# PROBLEM STATEMENT
Everything from the line holding "Sig Sauer P320" through the final line of the entries below is to be written out exactly, and nothing more; leave out pictures.

---*---

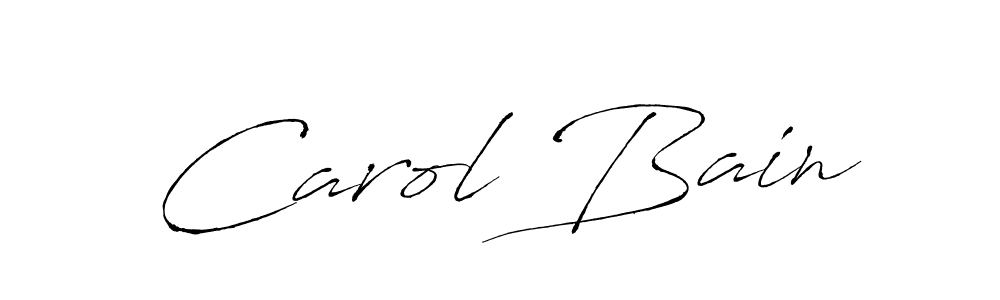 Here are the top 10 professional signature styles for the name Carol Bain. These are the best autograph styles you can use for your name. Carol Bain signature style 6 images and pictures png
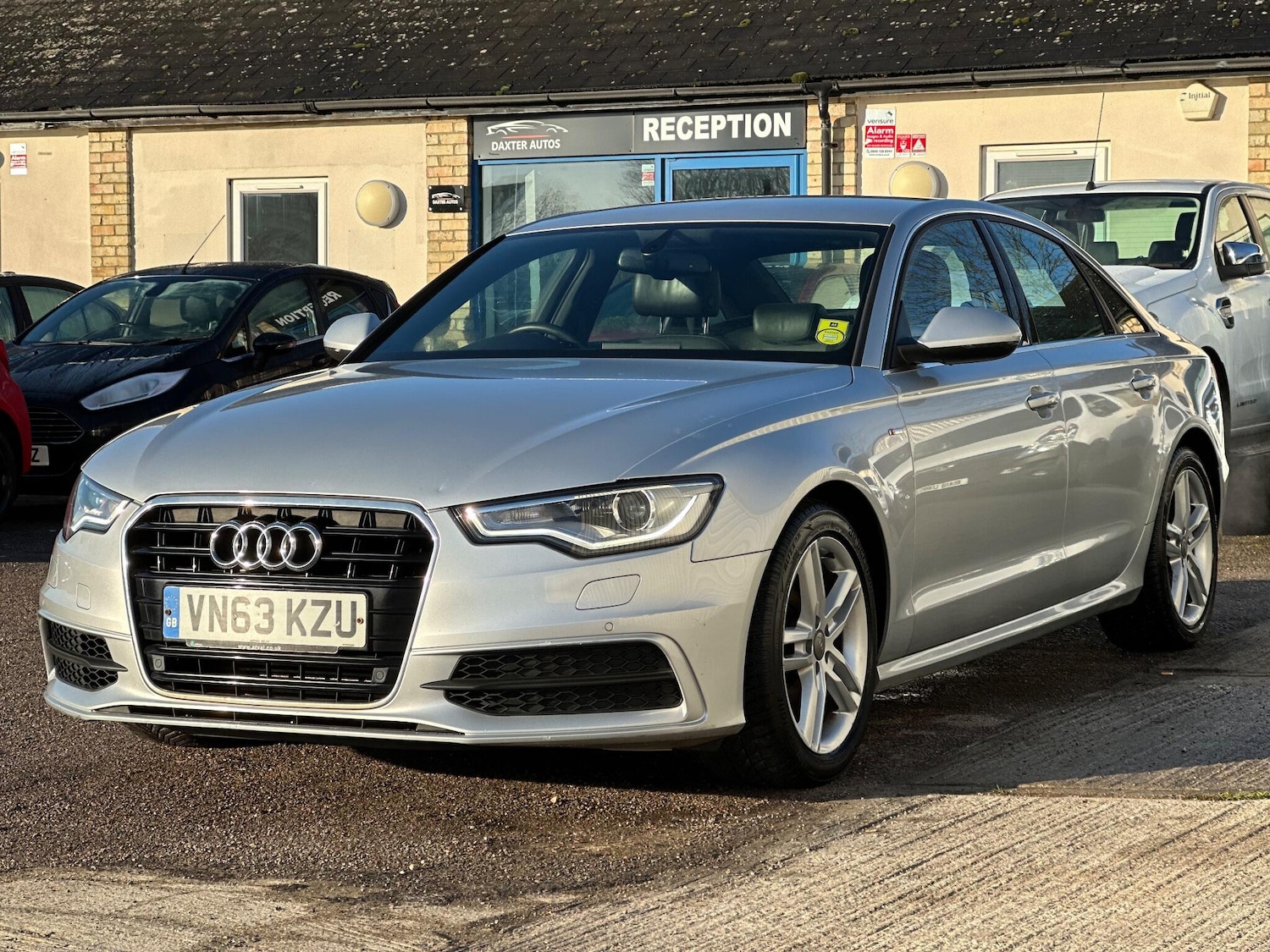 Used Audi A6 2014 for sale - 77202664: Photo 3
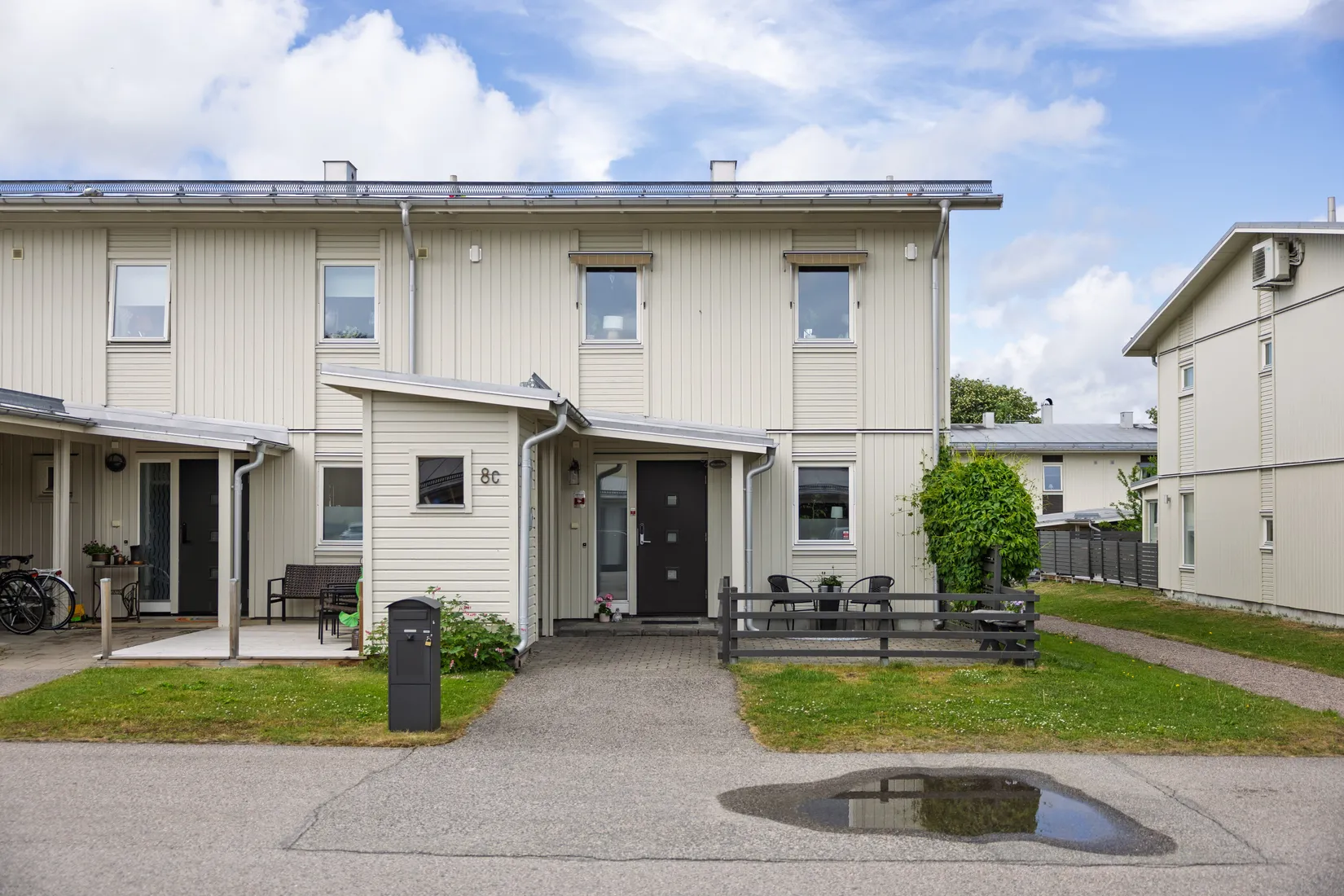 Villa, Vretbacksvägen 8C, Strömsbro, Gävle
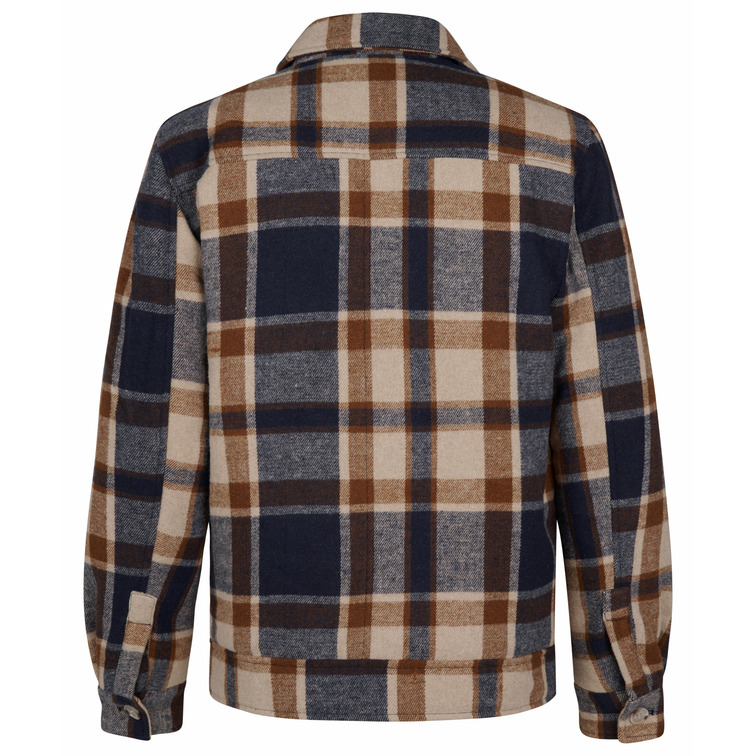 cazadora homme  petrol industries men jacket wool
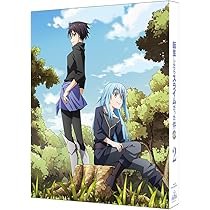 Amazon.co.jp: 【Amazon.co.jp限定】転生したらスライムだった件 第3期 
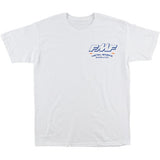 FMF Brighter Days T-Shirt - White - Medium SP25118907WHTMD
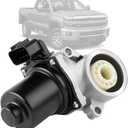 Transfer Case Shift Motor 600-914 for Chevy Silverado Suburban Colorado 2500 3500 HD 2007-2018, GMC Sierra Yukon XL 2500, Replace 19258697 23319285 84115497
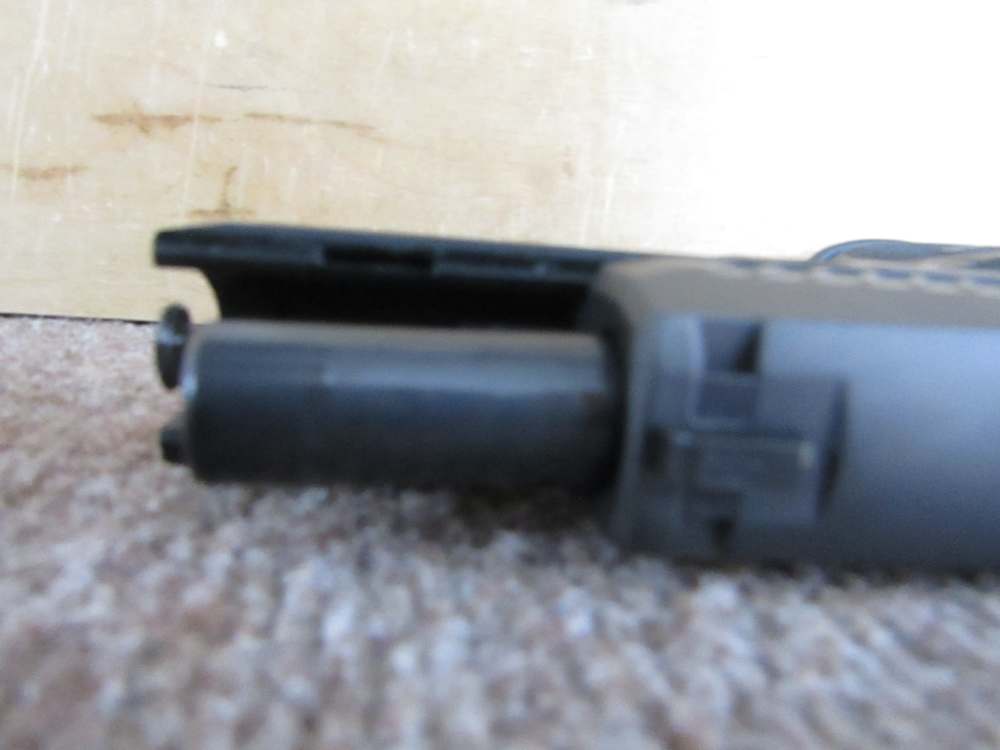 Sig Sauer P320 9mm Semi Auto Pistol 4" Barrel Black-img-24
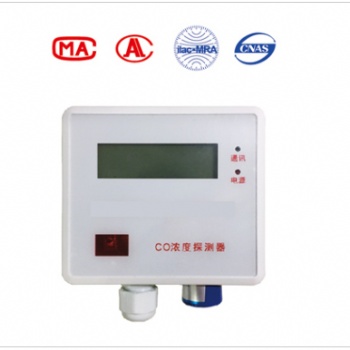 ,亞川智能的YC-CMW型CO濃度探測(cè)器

---*---

# SOLUTION TO THIS EXERCISE
 Sig Sauer P320 9mm Semi Auto Pistol 4" Barrel Black-img-24
 ,亞川智能的YC-CMW型CO濃度探測(cè)器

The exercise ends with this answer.